笹川:そうですね(笑)どうだろう。私、今、35歳なんですけれど。孤独だなと思うことはよくあって。でも、その孤独の時間が、本当に辛い孤独のときもあるんですけど。この孤独は良いなと思うときもあるんですよね。その孤独ってたぶん人の愛情や幸福を知るがゆえに知ってしまった孤独だと思うので。ある意味、反転してしまえば、きっと幸福を知っているからこそ孤独だと思える孤独の類なので。

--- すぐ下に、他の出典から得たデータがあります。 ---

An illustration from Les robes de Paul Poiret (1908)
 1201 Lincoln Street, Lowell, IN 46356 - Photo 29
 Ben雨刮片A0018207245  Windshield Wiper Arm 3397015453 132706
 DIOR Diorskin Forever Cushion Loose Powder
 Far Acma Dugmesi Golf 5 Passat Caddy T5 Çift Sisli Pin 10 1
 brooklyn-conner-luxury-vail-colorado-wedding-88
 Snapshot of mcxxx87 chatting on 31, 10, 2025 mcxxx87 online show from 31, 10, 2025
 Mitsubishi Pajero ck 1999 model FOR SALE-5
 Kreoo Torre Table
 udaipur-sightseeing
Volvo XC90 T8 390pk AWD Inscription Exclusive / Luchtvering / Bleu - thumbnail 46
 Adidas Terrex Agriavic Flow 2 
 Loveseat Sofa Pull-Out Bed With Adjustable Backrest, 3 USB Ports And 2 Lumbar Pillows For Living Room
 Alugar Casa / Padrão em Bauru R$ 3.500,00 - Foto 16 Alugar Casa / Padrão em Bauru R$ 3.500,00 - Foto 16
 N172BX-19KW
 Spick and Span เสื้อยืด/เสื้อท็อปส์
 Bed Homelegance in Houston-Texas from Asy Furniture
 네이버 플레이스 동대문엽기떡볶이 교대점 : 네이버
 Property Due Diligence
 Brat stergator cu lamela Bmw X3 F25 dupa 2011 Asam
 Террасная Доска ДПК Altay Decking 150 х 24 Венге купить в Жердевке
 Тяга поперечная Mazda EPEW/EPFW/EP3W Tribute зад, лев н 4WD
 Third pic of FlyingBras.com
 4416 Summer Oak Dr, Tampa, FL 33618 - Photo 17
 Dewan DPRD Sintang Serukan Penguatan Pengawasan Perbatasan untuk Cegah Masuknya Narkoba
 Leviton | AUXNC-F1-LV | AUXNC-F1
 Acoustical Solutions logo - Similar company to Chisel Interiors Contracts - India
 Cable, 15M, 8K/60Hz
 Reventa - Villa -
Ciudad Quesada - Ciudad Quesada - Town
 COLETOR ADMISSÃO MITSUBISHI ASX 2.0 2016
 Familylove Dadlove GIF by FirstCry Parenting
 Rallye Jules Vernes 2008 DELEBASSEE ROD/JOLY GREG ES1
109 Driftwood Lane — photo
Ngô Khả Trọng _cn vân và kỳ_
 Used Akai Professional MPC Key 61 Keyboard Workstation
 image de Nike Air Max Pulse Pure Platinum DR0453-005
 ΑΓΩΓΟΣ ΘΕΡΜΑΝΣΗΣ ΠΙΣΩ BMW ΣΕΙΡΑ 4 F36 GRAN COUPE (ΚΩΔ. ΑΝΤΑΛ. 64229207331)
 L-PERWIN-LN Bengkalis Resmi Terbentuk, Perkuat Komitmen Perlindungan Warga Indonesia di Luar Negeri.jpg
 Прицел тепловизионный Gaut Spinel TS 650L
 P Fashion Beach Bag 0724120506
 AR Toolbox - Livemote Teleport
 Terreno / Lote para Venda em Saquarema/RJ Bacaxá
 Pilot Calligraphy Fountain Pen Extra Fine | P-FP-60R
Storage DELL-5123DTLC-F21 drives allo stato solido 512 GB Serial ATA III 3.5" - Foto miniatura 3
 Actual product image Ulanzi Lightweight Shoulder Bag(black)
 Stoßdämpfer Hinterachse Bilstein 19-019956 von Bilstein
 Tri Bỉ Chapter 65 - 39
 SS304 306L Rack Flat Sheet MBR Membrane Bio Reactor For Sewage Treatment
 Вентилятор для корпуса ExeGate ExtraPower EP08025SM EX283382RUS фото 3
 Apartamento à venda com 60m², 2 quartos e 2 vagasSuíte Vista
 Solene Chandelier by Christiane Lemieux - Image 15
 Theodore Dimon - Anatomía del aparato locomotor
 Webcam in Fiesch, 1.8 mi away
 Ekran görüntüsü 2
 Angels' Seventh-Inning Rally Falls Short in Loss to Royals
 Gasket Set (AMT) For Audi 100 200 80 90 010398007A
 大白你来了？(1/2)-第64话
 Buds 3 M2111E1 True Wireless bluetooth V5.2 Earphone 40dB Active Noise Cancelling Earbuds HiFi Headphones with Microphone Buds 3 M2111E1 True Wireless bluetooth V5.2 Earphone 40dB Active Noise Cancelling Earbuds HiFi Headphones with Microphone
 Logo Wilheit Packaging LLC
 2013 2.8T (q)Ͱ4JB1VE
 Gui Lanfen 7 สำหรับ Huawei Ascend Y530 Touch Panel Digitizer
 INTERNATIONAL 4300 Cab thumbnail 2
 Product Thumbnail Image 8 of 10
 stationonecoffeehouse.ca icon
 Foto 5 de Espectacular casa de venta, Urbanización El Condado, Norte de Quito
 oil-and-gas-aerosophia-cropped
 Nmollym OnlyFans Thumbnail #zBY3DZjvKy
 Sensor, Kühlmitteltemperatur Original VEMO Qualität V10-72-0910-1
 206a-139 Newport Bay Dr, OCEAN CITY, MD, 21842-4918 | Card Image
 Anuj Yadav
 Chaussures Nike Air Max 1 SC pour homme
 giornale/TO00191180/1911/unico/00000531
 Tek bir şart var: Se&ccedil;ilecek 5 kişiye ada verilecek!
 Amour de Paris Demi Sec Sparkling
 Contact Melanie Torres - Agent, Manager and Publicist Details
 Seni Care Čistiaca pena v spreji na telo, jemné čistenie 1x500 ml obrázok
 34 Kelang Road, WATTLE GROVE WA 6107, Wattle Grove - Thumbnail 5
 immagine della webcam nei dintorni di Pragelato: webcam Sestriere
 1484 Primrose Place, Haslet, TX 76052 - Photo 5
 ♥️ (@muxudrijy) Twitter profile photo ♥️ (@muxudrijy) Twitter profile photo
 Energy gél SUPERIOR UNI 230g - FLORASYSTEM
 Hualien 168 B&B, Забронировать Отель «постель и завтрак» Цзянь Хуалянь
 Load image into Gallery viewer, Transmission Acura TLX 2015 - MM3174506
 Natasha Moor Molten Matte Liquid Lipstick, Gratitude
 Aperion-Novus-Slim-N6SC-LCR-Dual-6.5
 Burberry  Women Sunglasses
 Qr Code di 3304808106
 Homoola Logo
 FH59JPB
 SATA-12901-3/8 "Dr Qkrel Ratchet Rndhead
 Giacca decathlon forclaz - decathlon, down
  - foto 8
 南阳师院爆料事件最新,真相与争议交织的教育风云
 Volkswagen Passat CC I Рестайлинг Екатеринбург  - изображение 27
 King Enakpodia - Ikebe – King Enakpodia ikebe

また、孤独の独って、独創的な独なんですよね。しかも孤独なときって、割と頭がさえているときだったりするんですよ。なので、その時間は、私は悪くないなと思って。それは、私のことを大事に思ってくれる家族やスタッフさんとかがいると分かっているがゆえの幸せな孤独だとは思うんですけど。孤独の意味を知っているからこそ、幸せの意味も知れているかなという感じですね。

――『真実の雫』って、今の10代・20代の人にぜひ聴かせたいと、私は思ったんですよ。

笹川:響いてくださいますかね?

――響きます!

笹川:けっこう今の10代・20代の方は、常にアンテナを張り巡らせて、周りに新しいものが溢れていると思うんです。自然にアンテナを張り巡らせているから、もしかしたら私たちよりも色んなモノを敏感に察知するかもしれないですよね。でも、孤独なんてまだ10代とかは知らなくても良いと思うんですよ。そのうちどうせ知るし(笑)いろんなことを経ることは、決して無駄じゃないということもすごく歌いたかったので。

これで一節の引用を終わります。